[Short web captions]
::::

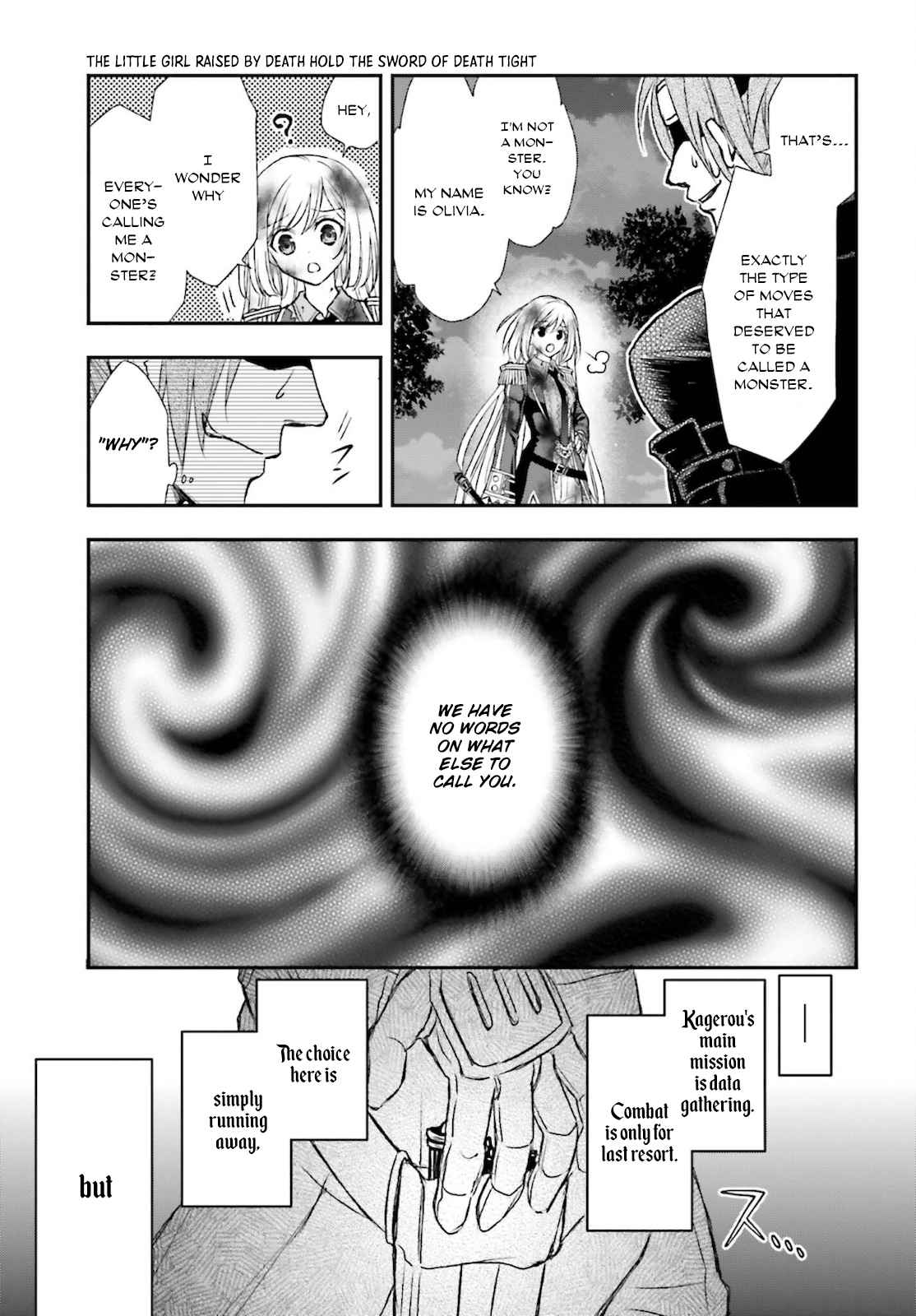 The Little Girl Raised by Death Holds the Sword of Death Tightly Chapter 25 - Page 9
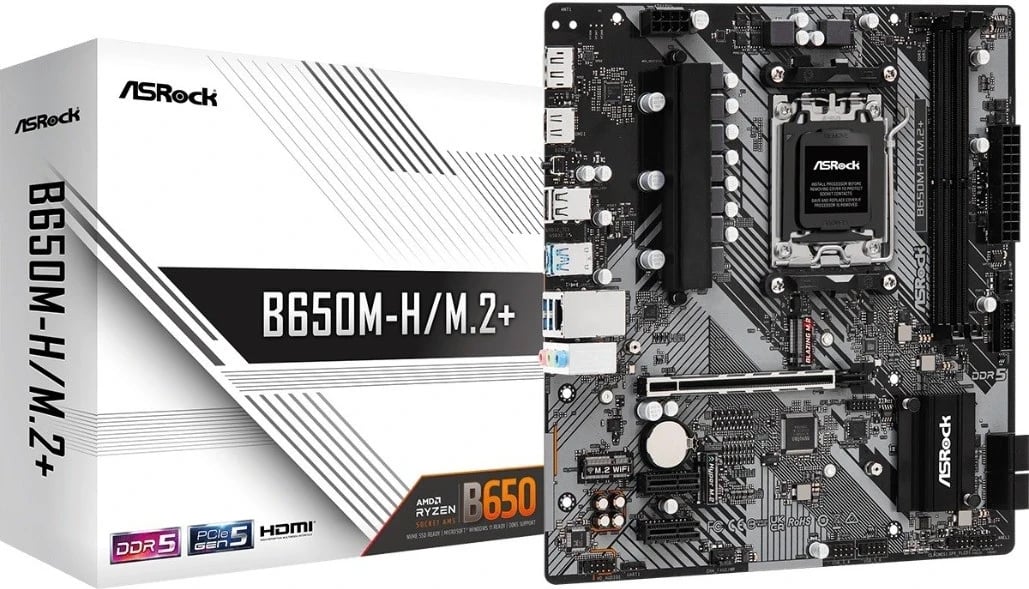 Pllakë amë ASRock B650M-H/M.2+, micro ATX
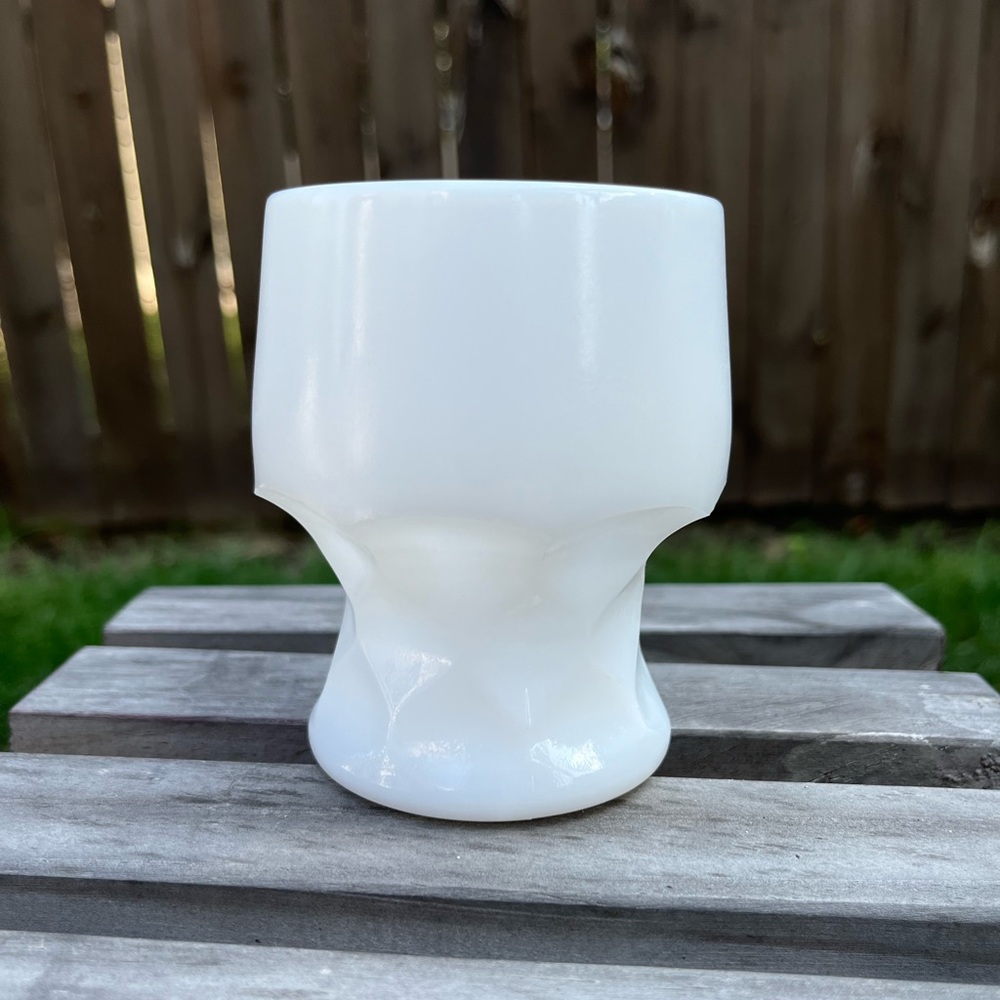 Vintage Viking Milk Glass Georgian Juice Glass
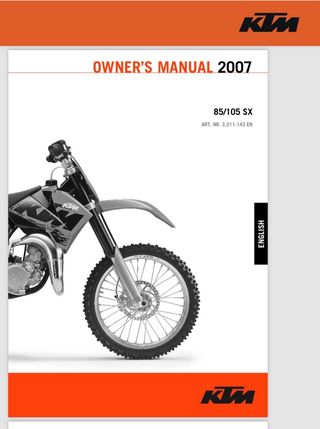 KTM SX 105 SUPERMOTARD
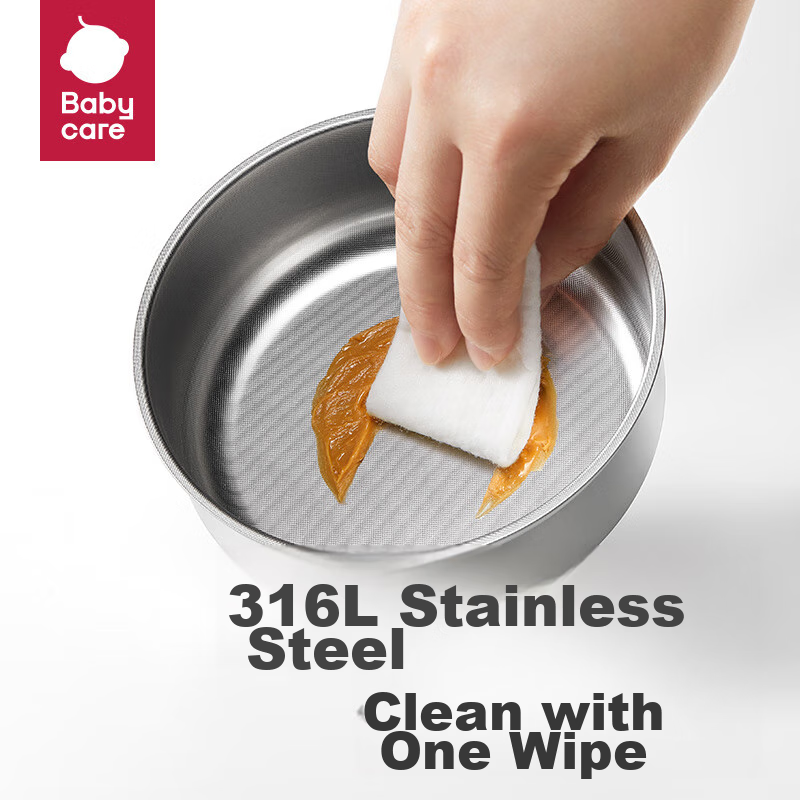 Babycare Portable Baby Food Bowl Set with Utensils, Travel Bowl, Fork, Spoon, Th...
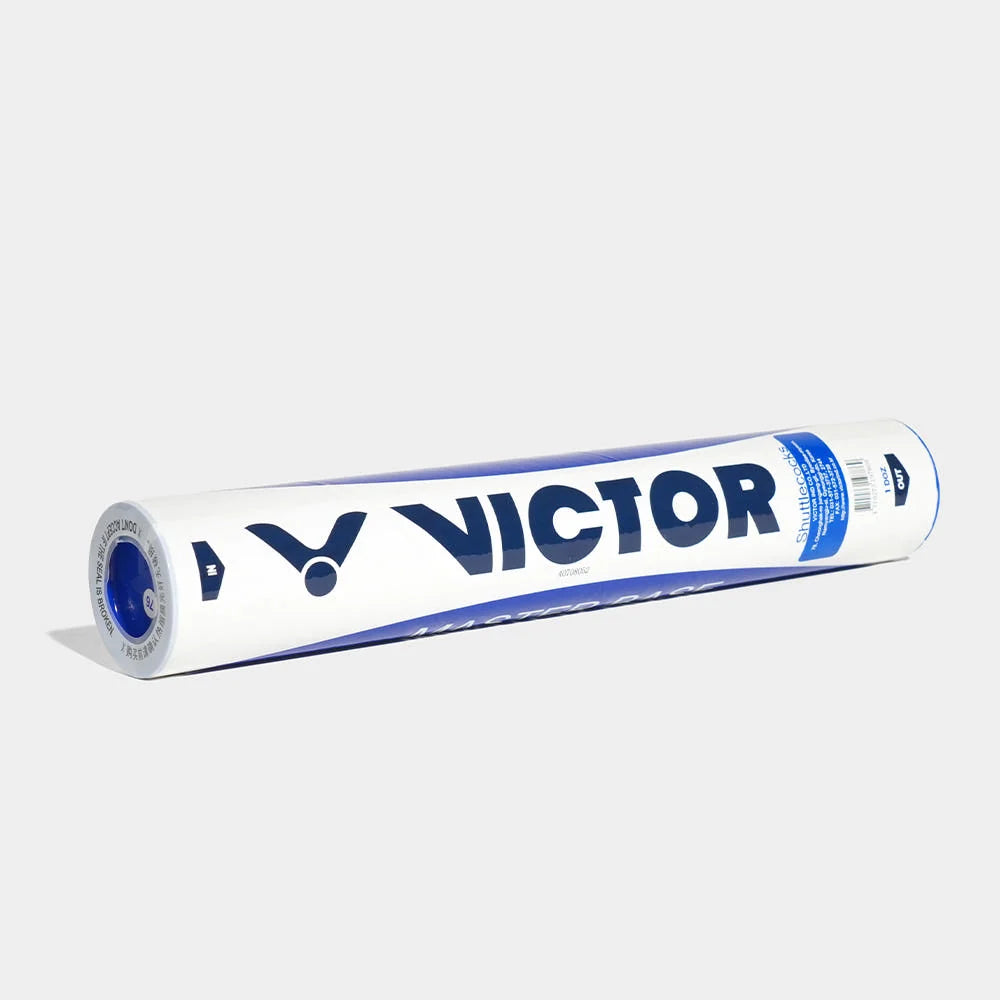 Victor Master Base Badminton Feather Shuttlecocks Speed 77 Victor
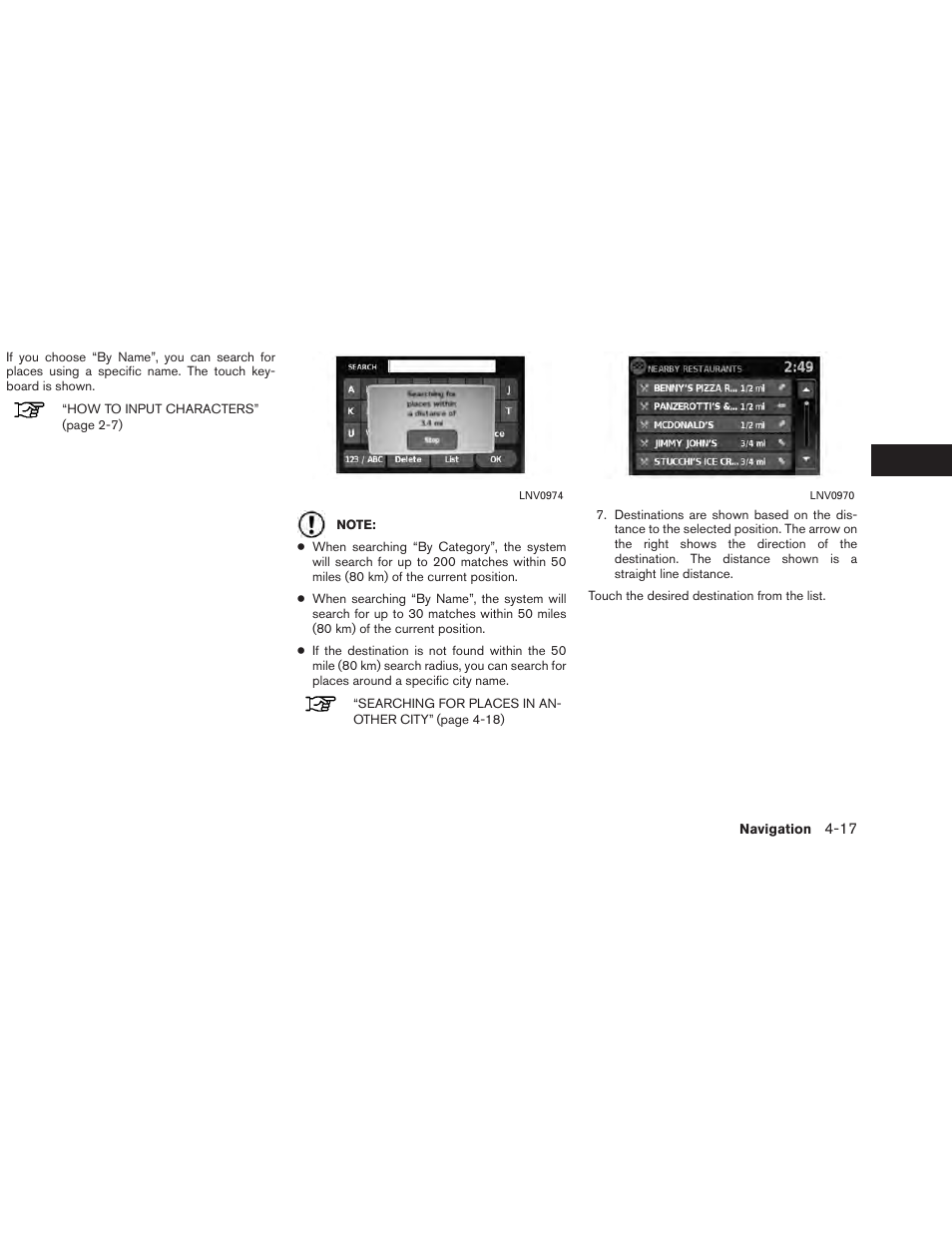 NISSAN 2013 Versa Sedan - Navigation System Owner's Manual User Manual | Page 45 / 82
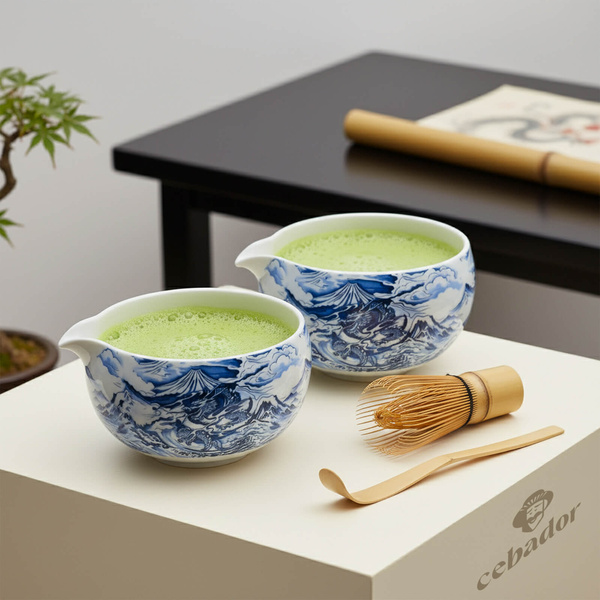 Matcha tea brewing accessories set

::::

Only the lines from the one containing "Babycare Portable Baby" through the final line of the data are to be written out, exactly as they stand and without pictures.

 Babycare Portable Baby Food Bowl Set with Utensils, Travel Bowl, Fork, Spoon, Th...
 Victor Master Base Badminton Feather Shuttlecocks Speed 77 Victor
 NISSAN 2013 Versa Sedan - Navigation System Owner's Manual User Manual | Page 45 / 82
 Matcha tea brewing accessories set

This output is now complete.